The day before the April 20 election, Michael Poling, Verizon's senior vice president for network operations, walked "cubicle to cubicle" urging the workers to rethink their support for a union, and telling them, according to witnesses, "You will not get raises. You will not get under the union contract." He also reminded the workers that, although they are core Verizon employees, "we are under wireless now," a reference to Strigl's harsh anti-union stance when he headed Verizon Wireless.

Verizon's tactics, a violation of the company's "neutrality and expedited election" agreement with CWA, worked, scaring off enough union support to defeat the workers' campaign for bargaining rights.
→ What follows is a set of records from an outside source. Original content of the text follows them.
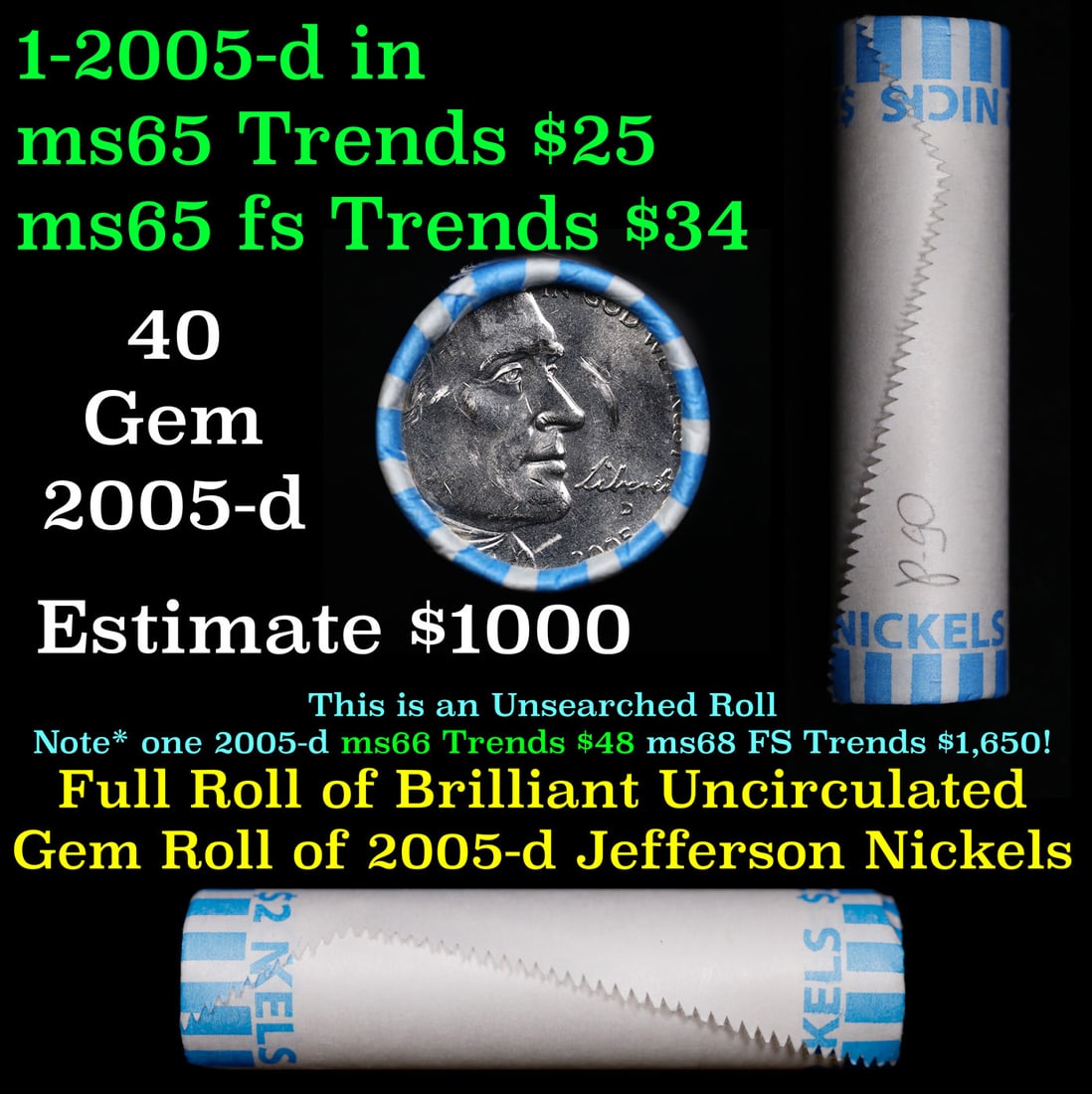 Shotgun Jefferson 5c roll, 2005-d 40 pcs Bank Wrapper: Shotgun Jefferson 5c roll, 2005-d 40 pcs Bank Wrapper. A terrific Shotgun roll of unsearched Jefferson nickles. Most if not all coins should be gem or better
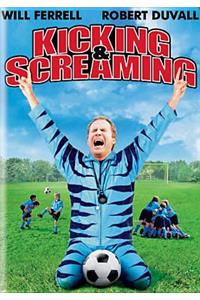 Kicking & Screaming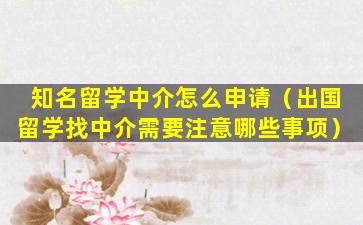 知名留学中介怎么申请（出国留学找中介需要注意哪些事项）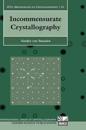 Incommensurate Crystallography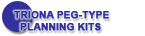 Triona Peg-Type Planning Kits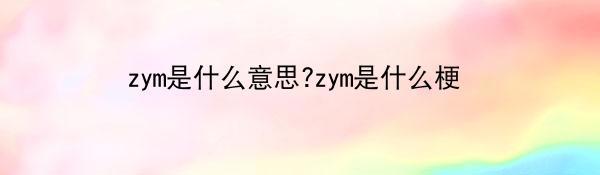 zym是什么意思?zym是什么梗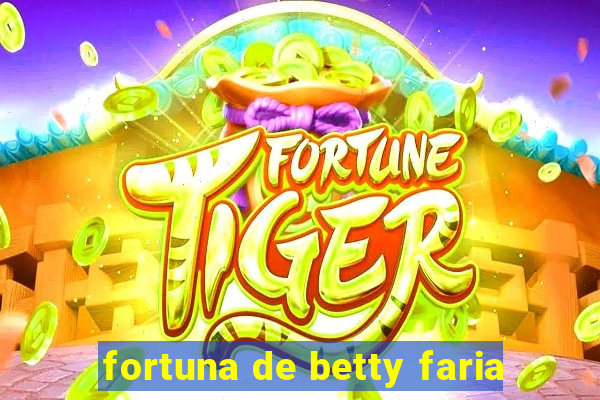 fortuna de betty faria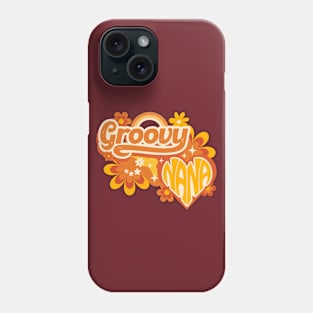 Groovy Nana Phone Case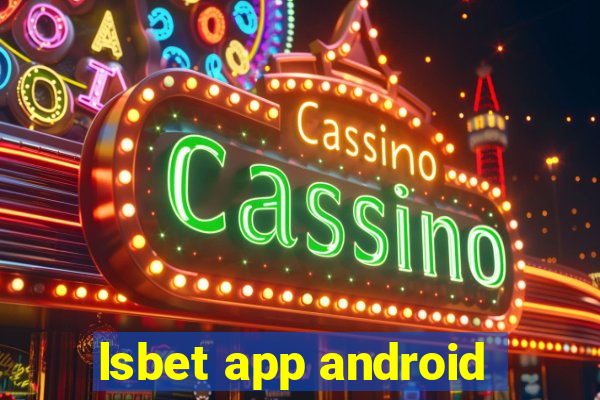 lsbet app android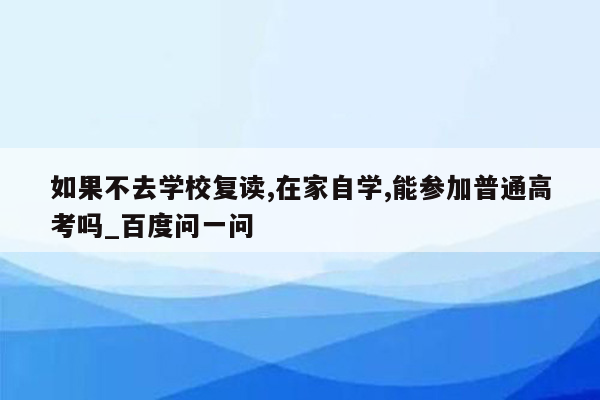 如果不去学校复读,在家自学,能参加普通高考吗_百度问一问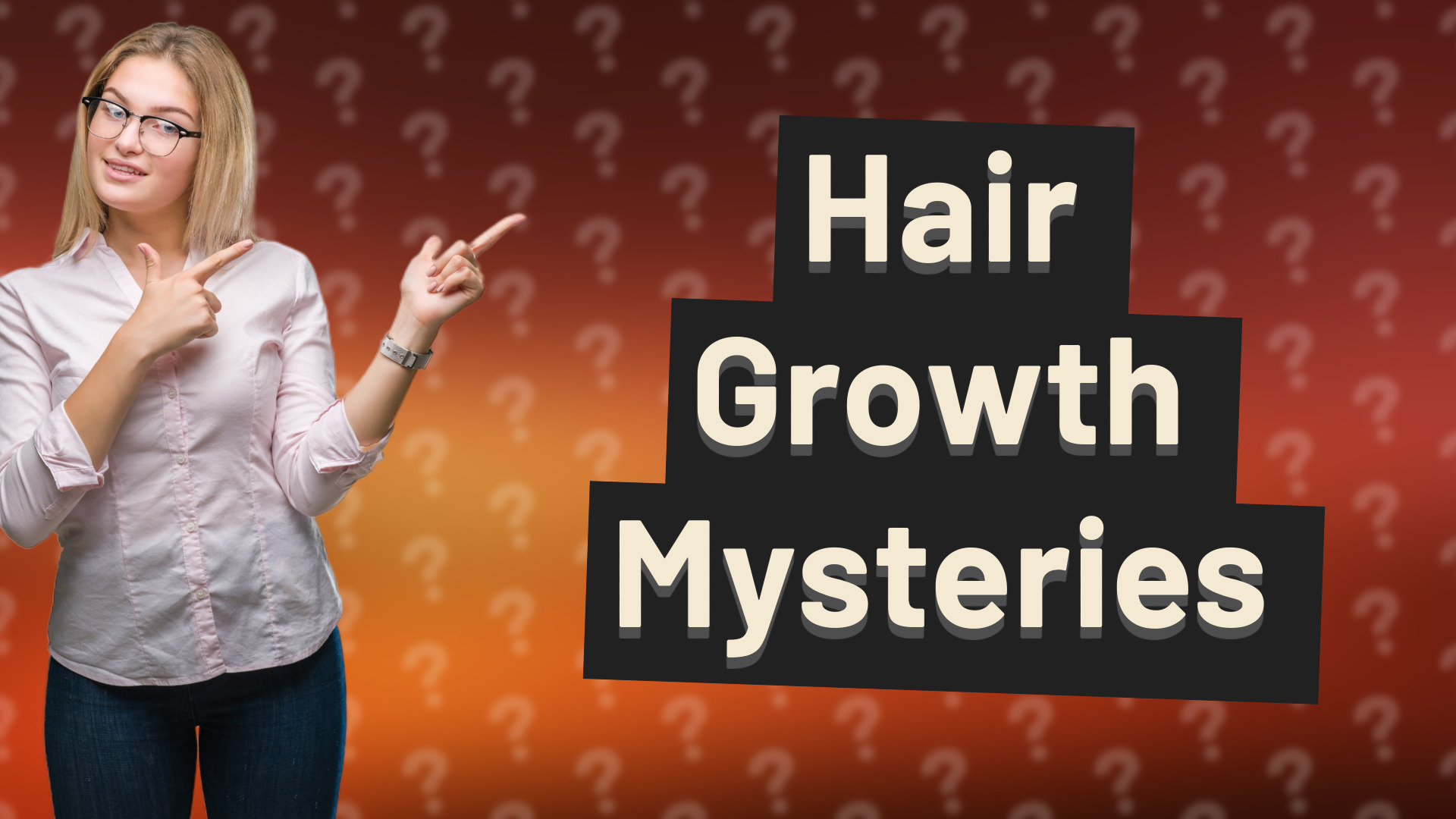 Hair Growth Mysteries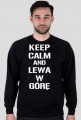 Bluza Keep Calm And Lewa W Górę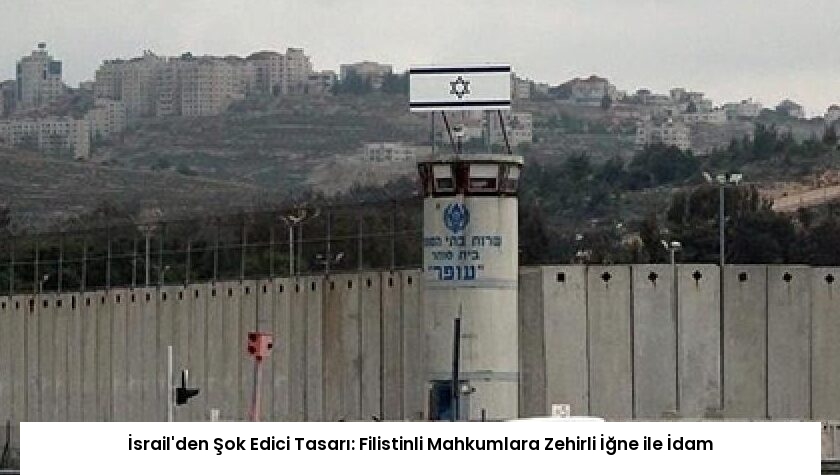 İsrail’den Şok Edici Tasarı: Filistinli Mahkumlara Zehirli İğne ile İdam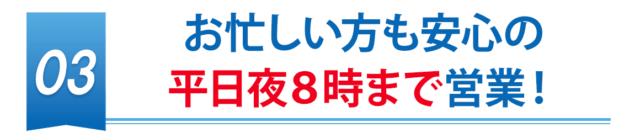 お忙しい方も安心の平日夜8時まで営業！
The vote was 79-72. Three weeks earlier, 105 of the 170 workers signed authorization cards supporting union representation.

CWA has accused Verizon of violating the contract by coercing and intimidating the workers in charges filed with the arbitrator who oversaw the election.

"Management disregard for the contractual provisions on neutrality and organizing rights is exactly why workers need the greater protections offered by the Employee Free Choice Act," said CWA President Larry Cohen. "Getting a personal visit the day before a union election from a company senior vice president carrying an anti-union message is intimidating and coercive as well as a clear violation of the neutrality provisions of the contract.  Current labor laws are not adequate when major corporations like Verizon readily proclaim their respect for workers' rights while feeling free to engage in this kind of abusive behavior toward employees," Cohen said.

According to a mid-level manager, Verizon COO Strigl stressed the importance of defeating the DSL workers' union drive during a conference call held for Verizon managers in California at the beginning of April. From then until the election, workers were deluged almost daily with e-mails attacking the union and collective bargaining. Two days before the election, Poling and two managers sent in from Verizon's union-represented MCO unit in Silver Spring, Md., urged supervisors to do all they could to convince their coworkers to vote no.